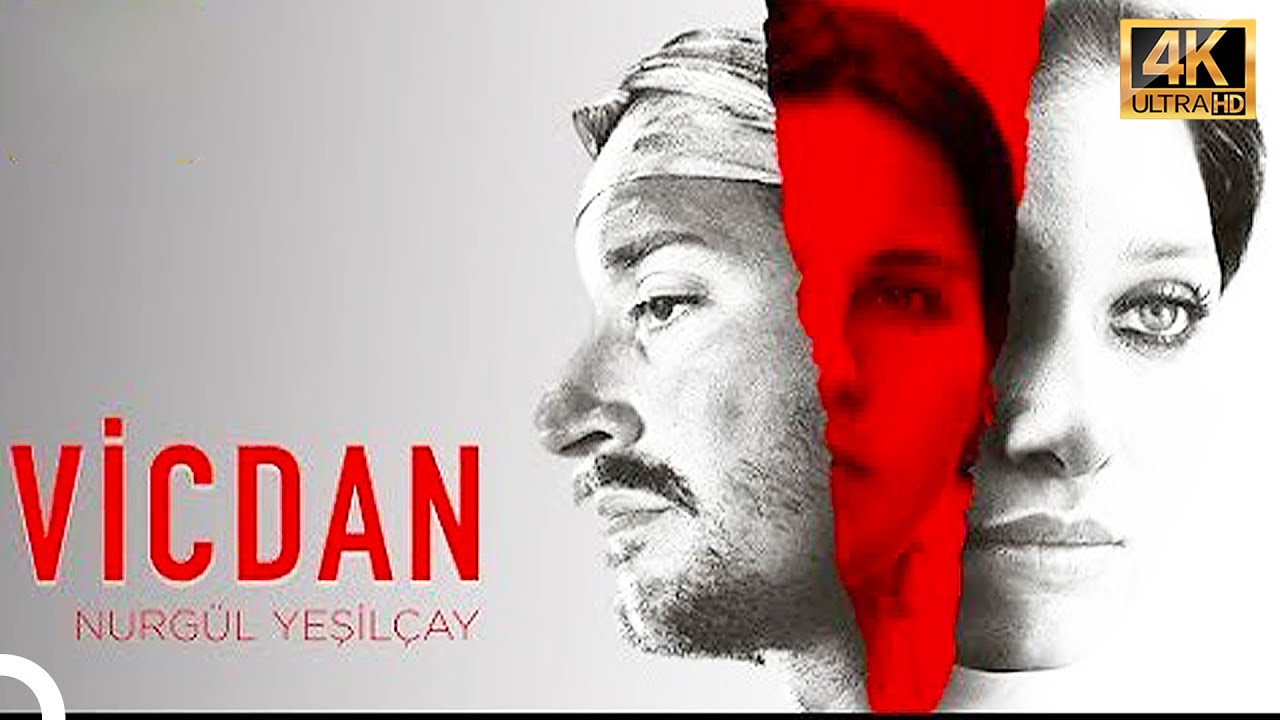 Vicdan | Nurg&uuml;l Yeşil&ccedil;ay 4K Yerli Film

_____

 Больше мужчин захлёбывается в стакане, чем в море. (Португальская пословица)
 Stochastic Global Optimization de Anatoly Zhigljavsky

_____

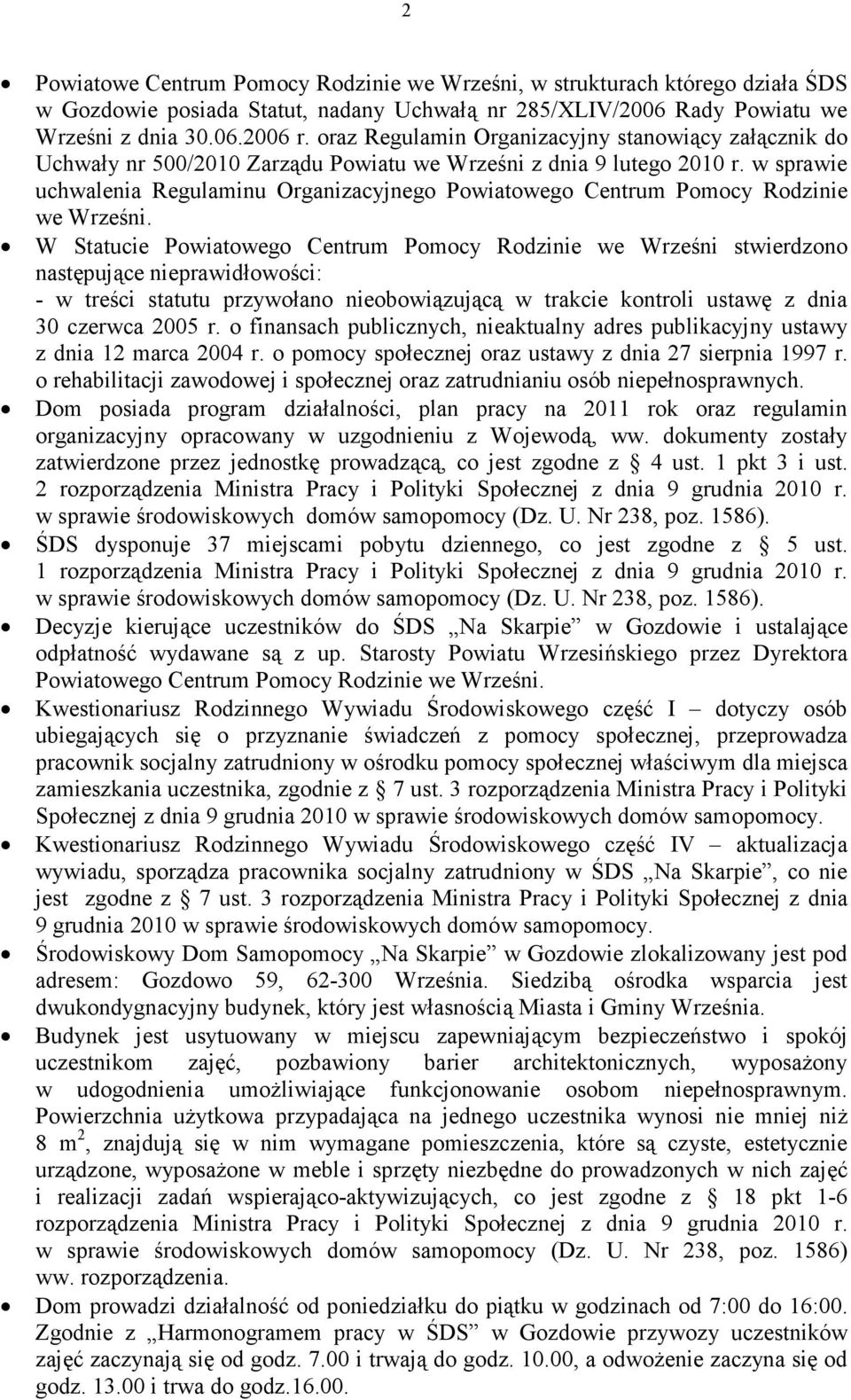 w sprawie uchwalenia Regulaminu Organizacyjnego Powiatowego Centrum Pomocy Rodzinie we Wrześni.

_____

What you will do →
From the records above, transcribe without alteration every line from the one with "Больше мужчин захлёбывается" to the one with "Stochastic Global Optimization", inclusive.

Result for this task →
 Больше мужчин захлёбывается в стакане, чем в море. (Португальская пословица)
 Stochastic Global Optimization de Anatoly Zhigljavsky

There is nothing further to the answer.